Awareness of Public Policy

Plan sponsors’ responses to the poll indicated they have a strong awareness of public policy related to lifetime income. Nearly all (95%) reported being knowledgeable about the efforts of public policymakers and the Departments of Labor and the Treasury to strengthen workers’ retirement security—including 69% who characterized themselves as being extremely or very knowledgeable on the topic.

When asked about lifetime income legislation, 87% of plan sponsors said they had some level of familiarity with the Setting Every Community Up for Retirement Enhancement Act of 2019, including 62% who reported being extremely or very familiar with the law.

Thinking about specific provisions of the SECURE Act and the SECURE 2.0 Act of 2022—which built on the 2019 law—90% of plan sponsors said they were most familiar with the safe harbor for plan sponsors’ annuity carrier selection, which provides employers protection when they select an insurer to provide an annuity as a distribution option in their defined contribution plan.

In addition, 87% of plan sponsors said they were familiar with the lifetime income disclosure provision of the original SECURE Act, which requires annual plan statements to include the monthly income equivalent of an employee’s savings in the plan. The same share of respondents reporting believing lifetime income disclosures on annual plan statements have been helpful for plan participants to understand the value of their account balances as lifetime income.
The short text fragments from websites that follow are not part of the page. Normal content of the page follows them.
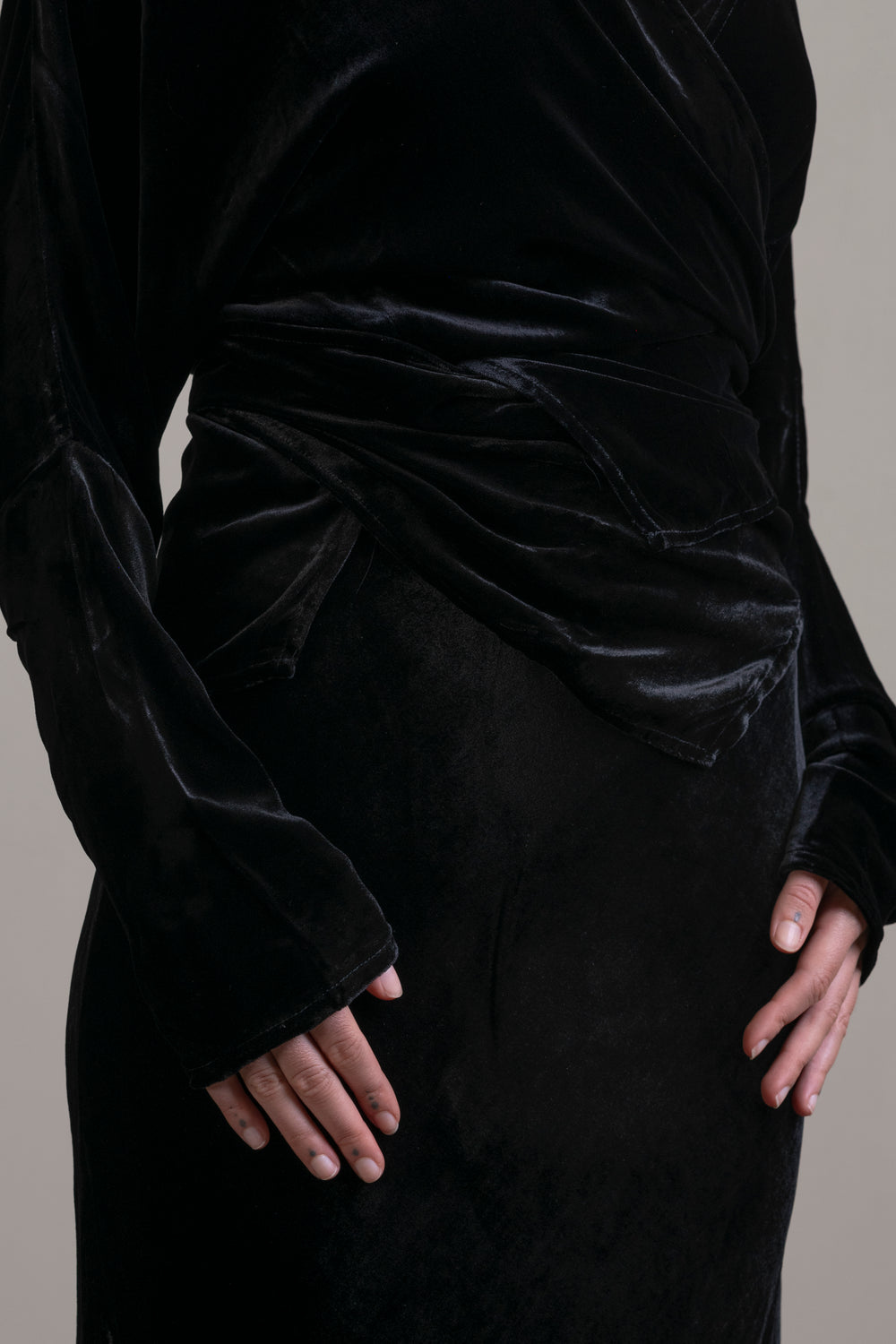 Velvet Wrap Blouse Black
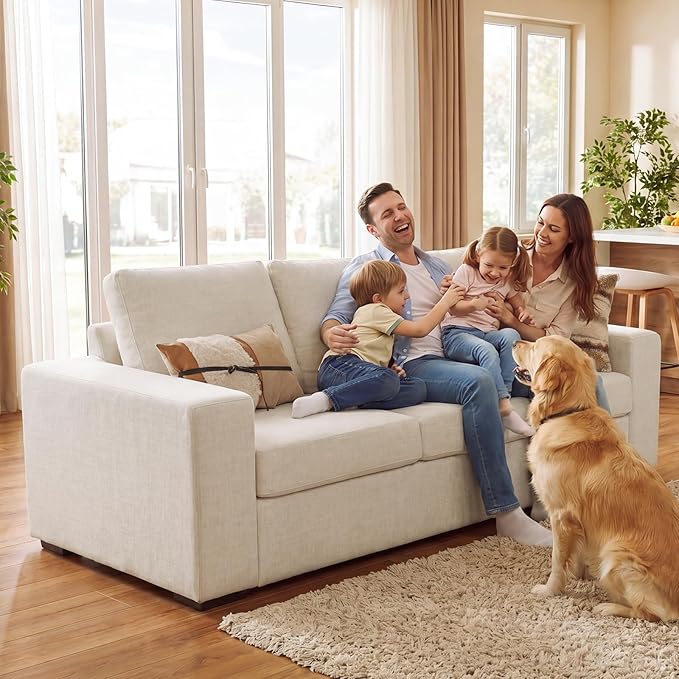 ABCASA 85'' Modern Couches for Living Room, 3 Seater Comfy Sofa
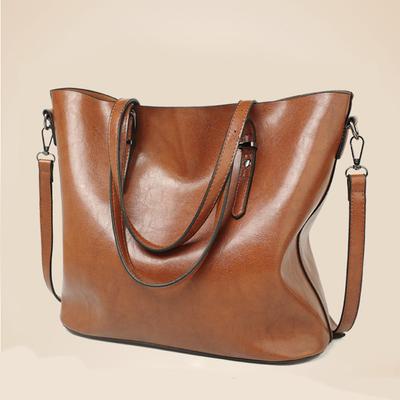 Bolsa de ombro feminina moda cera de óleo couro diagonal grande capacidade sacola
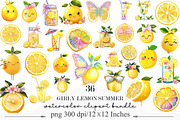 Girly Lemon Summer Clipart, an Illustration by Designking (Thumbnail 1 of 5)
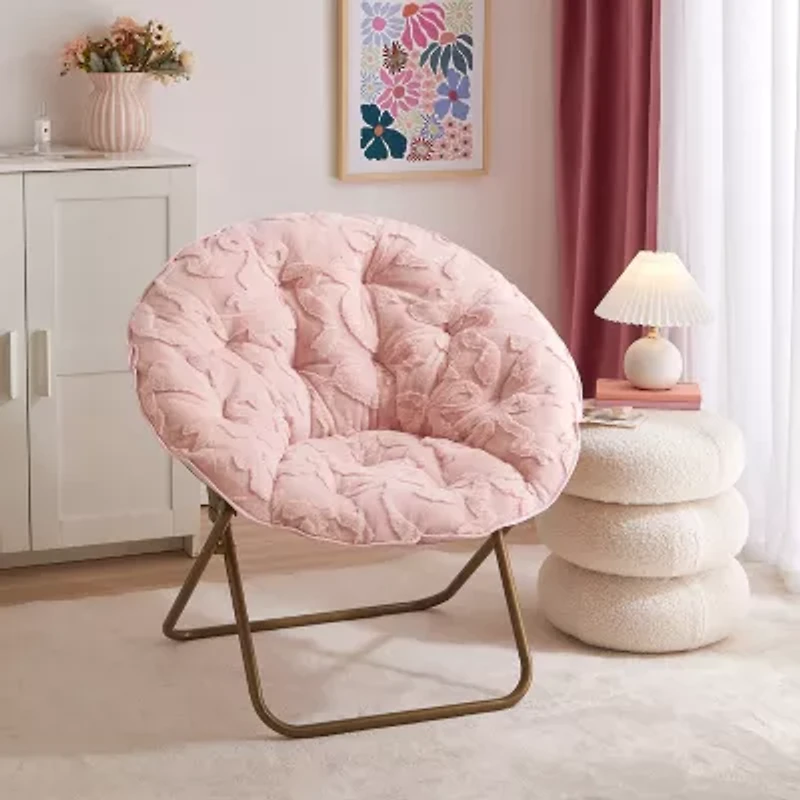AEROPOSTALE Faux Fur Bow Saucer Papasan Chair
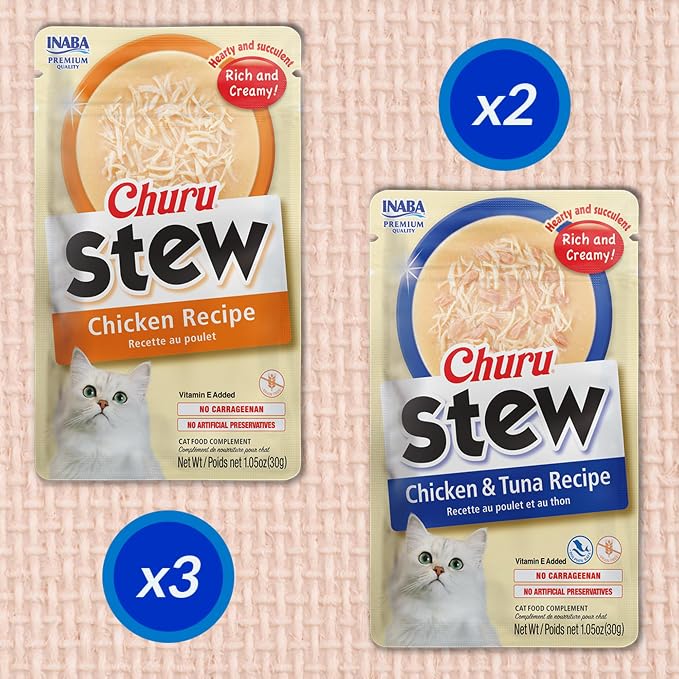 INABA Churu Stew for Cats, Creamy Purée Side Dish Pouch, 1.05 oz Pouches, 15 Pouches Total, Chicken and Tuna Variety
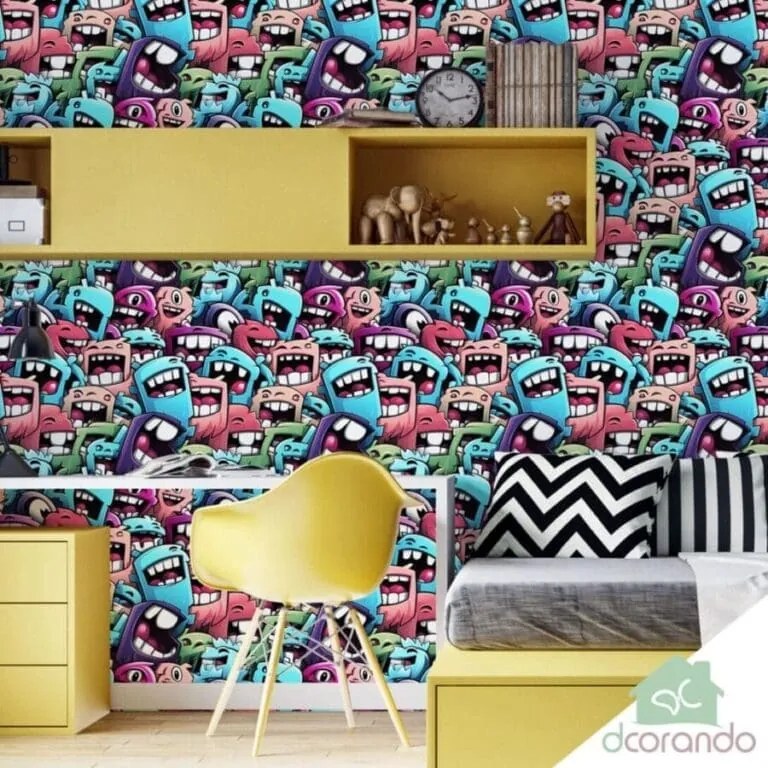 Quarto Adolescente Vibrante com Papel Monstros Coloridos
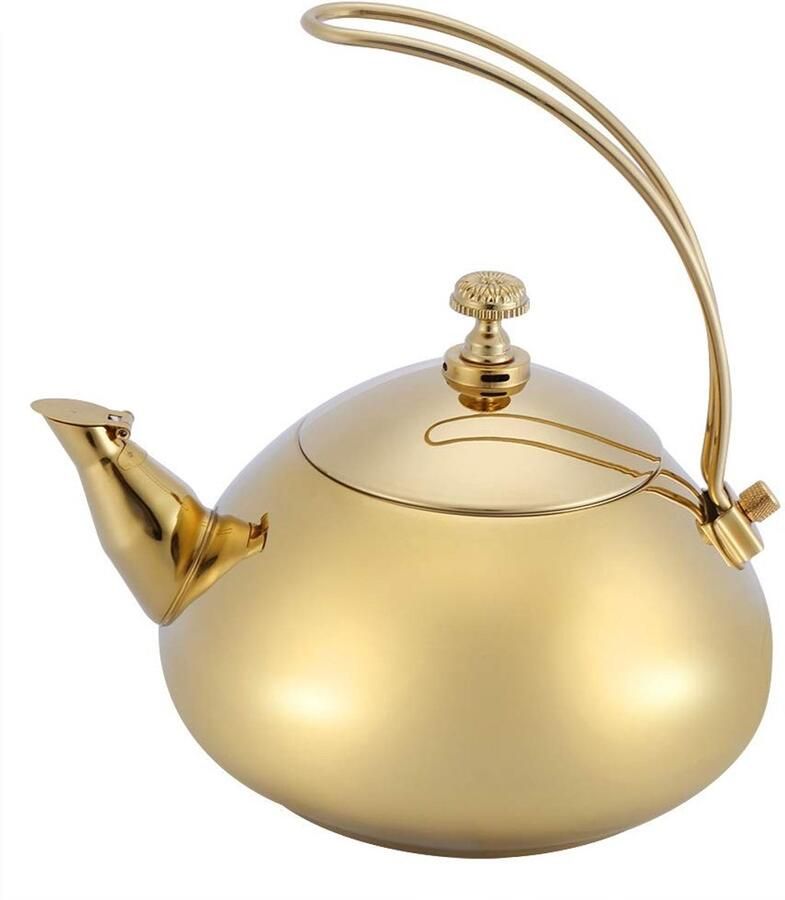 Allecto RVS Waterkoker Theepot Inductie Snel Waterkoken Verwijderbare Handgreep Goud Waterkoker 1.5L Geschikt voor Inductie Gouden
Of plan sponsor respondents, 82% expressed familiarity with SECURE 2.0’s changes to qualified longevity annuity contracts, which included: a flat-dollar lifetime cap on the maximum premium, instead of the lesser of 25% of retirement savings or $145,000; a higher dollar-per-person lifetime limit; and clarity that survivor benefits in the case of divorce and trial periods are permitted, but not required.

Only 16% of respondents to PLANSPONSOR’s 2025 Defined Contribution Survey said they offered in-plan insurance-based products that guarantee income, and 0.2% said they anticipated being able to offer them by June 30.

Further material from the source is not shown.